Work instructions: Type the listing below out again exactly. No images.

-- Material to process follows --

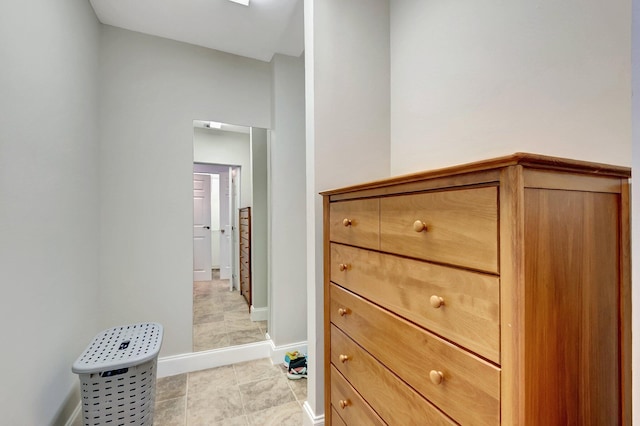 hallway featuring light tile patterned floors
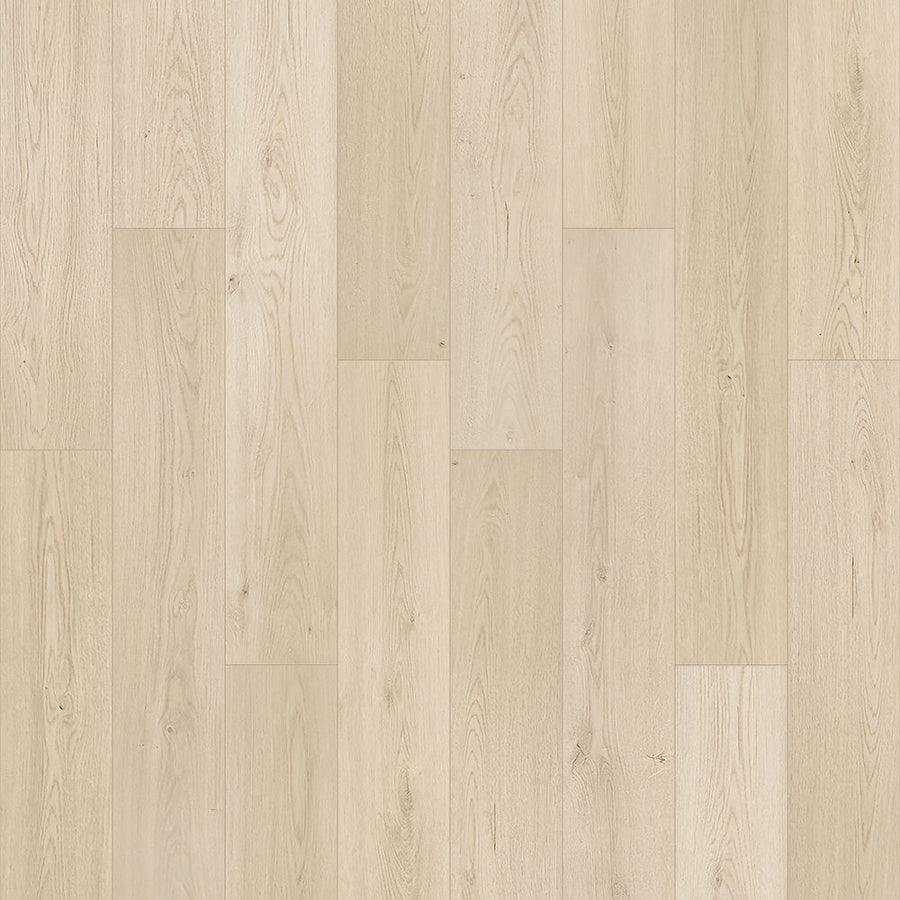 Aurora Falls 7 1/2" Waterproof Laminate in Winter Oak features light wood tones, a natural grain pattern, and subtle color variations. Its moisture-barrier technology adds durability, while clean planks create a modern look in a staggered layout.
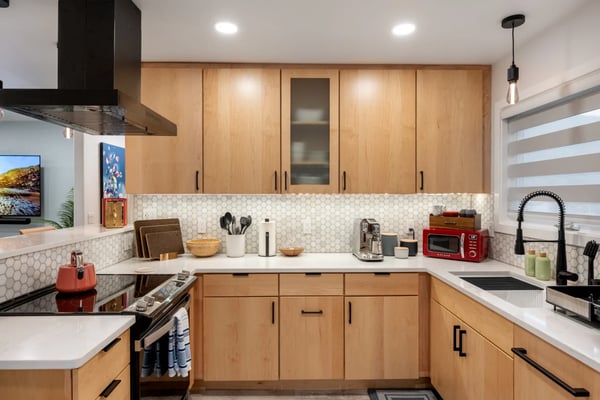 West Juneau Mountain-View Retreat kitchen with pale wood cabinetry and organized counters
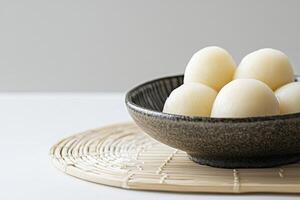 Japanese Mochi Rice Cake Balls Served in a Bowl on Table photo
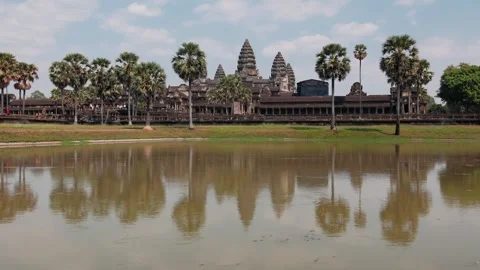 Famous angkor wat temple complex in cambodia reflecting in the lake. An ancient Stock Footage 325073156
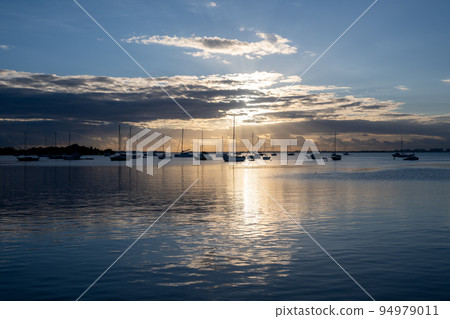Sailboats in Dinner Key anchorage reflected in calm water of Biscayne Bay. 94979011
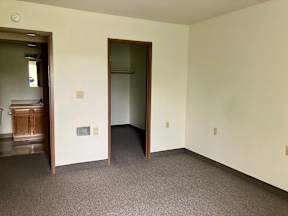 A bedroom with a carpeted floor and two open doors.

-- Material to process concluded --

Task result:
 hallway featuring light tile patterned floors
 Aurora Falls 7 1/2" Waterproof Laminate in Winter Oak features light wood tones, a natural grain pattern, and subtle color variations. Its moisture-barrier technology adds durability, while clean planks create a modern look in a staggered layout.
 West Juneau Mountain-View Retreat kitchen with pale wood cabinetry and organized counters
 Japanese Mochi Rice Cake Balls Served in a Bowl on Table photo
 Famous angkor wat temple complex in cambodia reflecting in the lake. An ancient Stock Footage 325073156
Sailboats in Dinner Key anchorage reflected in calm water of Biscayne Bay. 94979011
 A bedroom with a carpeted floor and two open doors.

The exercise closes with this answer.